3) in the invention, residual connection is added between the convolution layer and the deconvolution layer to transmit information between different exposure images, the characteristic diagram contains a large amount of image details, and the characteristic diagram can be shared between different exposure images, which is beneficial to the deconvolution layer to recover better images, and in addition, the residual connection can also reversely transmit the gradient to the bottom, thereby being convenient for better training network;

4) the invention discusses the influence of a depth loss function on an HDR image and a depth image, and adopts an ablation research method.

2. The method of generating an HDR image of claim 1, wherein step 1) comprises:

(1) using the underexposed image as an input, deducing LDR images with higher exposure rate than the input image, wherein the information recorded by each LDR image corresponds to the content of different dynamic ranges in the real scene;

(2) the overexposed images are output and finally the final HDR image is generated from these LDR images.
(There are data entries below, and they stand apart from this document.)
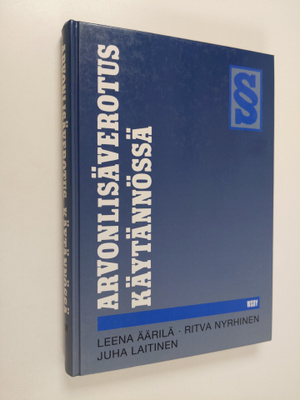 Leena Äärilä : Arvonlisäverotus käytännössä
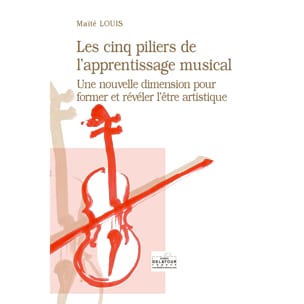 Maïté LOUIS - Les cinq piliers de l’apprentissage musical - Livre - di-arezzo.ch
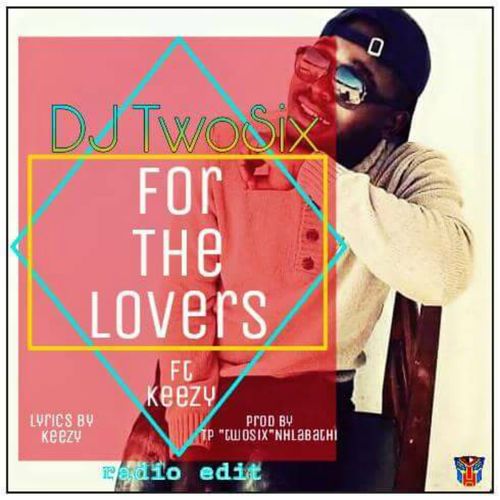 DJ Twosix - For the Lovers / BlackVision Music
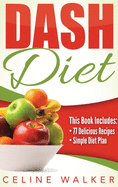 Dash Diet: Dash Diet 77+ Delicious Recipes With a Simple Diet Plan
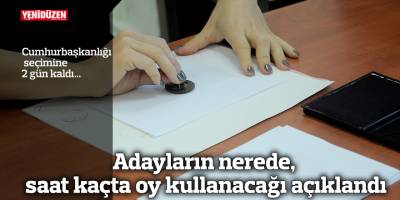 Adayların nerede, saat kaçta oy kullanacağı açıklandı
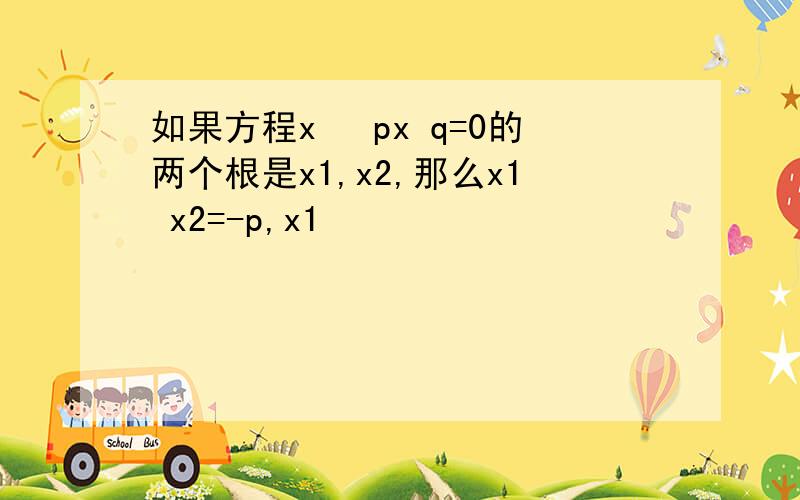 如果方程x² px q=0的两个根是x1,x2,那么x1 x2=-p,x1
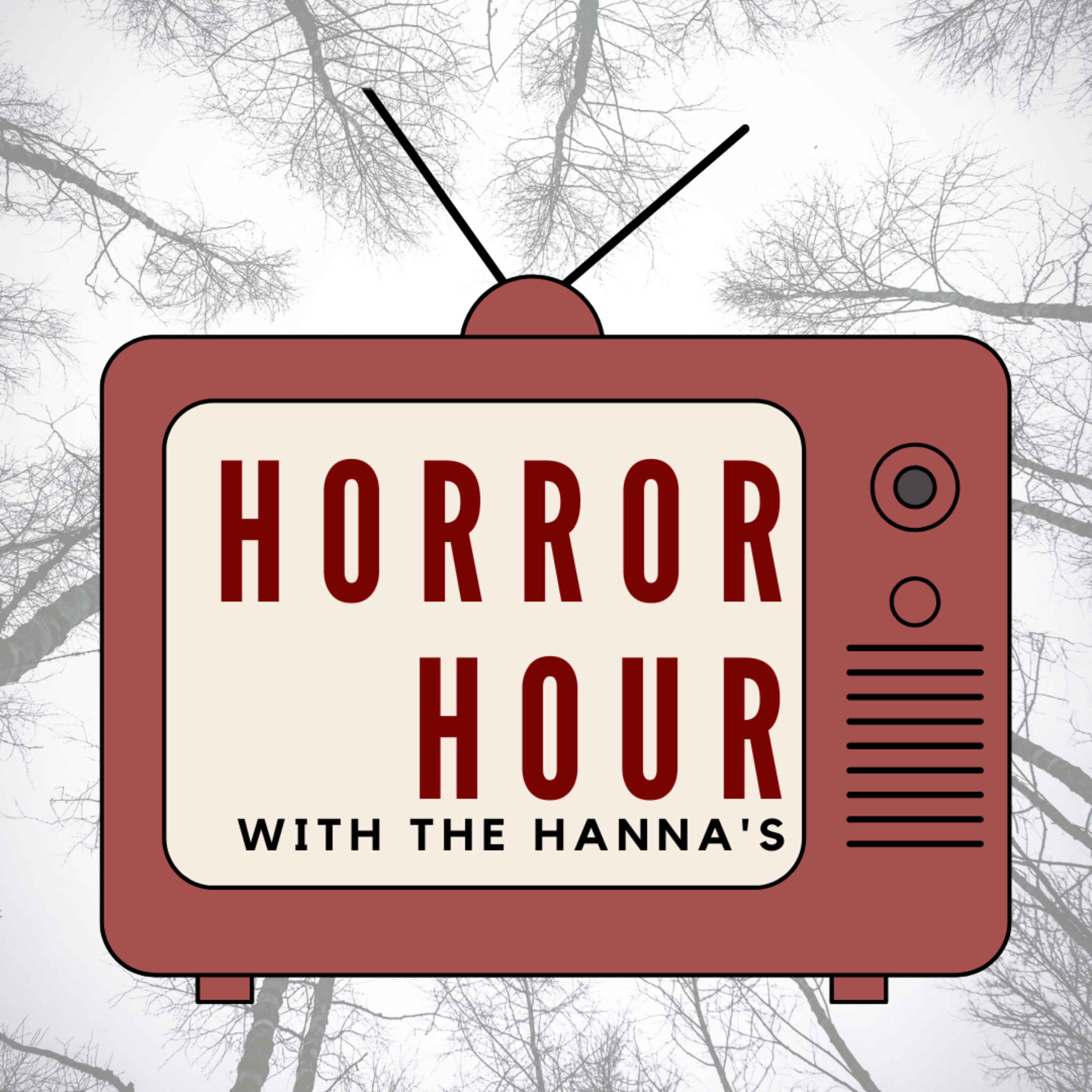Horror Hour with the Hanna’s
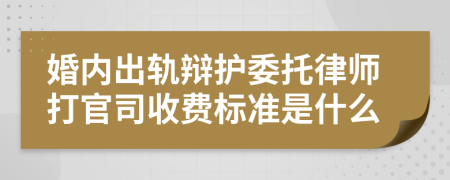 婚内出轨辩护委托律师打官司收费标准是什么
3. The method of claim 1, wherein step 2) comprises:

(1) firstly, giving an input LDR image, and recovering detail information lost due to underexposure by using an HDR image generation network, wherein the HDR image generation network consists of a convolutional layer and an anti-convolutional layer and is used for learning different exposure representations, the convolutional layer serves as a feature extractor and retains main components of objects in the image, and the anti-convolutional layers are combined to recover the details of the image;

(2) taking HDR images as input of a depth estimation network, performing depth estimation on a scene, learning the whole network in an unsupervised mode, constraining the network learning process by utilizing the relation between the HDR images and the LDR images, and training by combining the LDR generated by HDR and the LDR generated by losing the consistency between the LDR images generated by RGB under different exposure amounts until the HDR and the LDR are well generated;

(3) respectively sending a pair of three-dimensional HDR images into the same network model, outputting corresponding disparity maps, then obtaining reconstructed HDR left and right images through a sampler, and aligning predicted parity with opposite input images;

(4) the depth estimation network adopts an encoder to extract geometric features, the decoder structure further constrains output parallax, nearest pixels of the surrounding positions are searched linearly through bilinear sampling, and finally a reconstructed image is generated.

(5) In order to make the reconstructed image consistent with the original image, appearance matching loss, parallax smoothness loss and left-right parallax consistency loss are respectively set.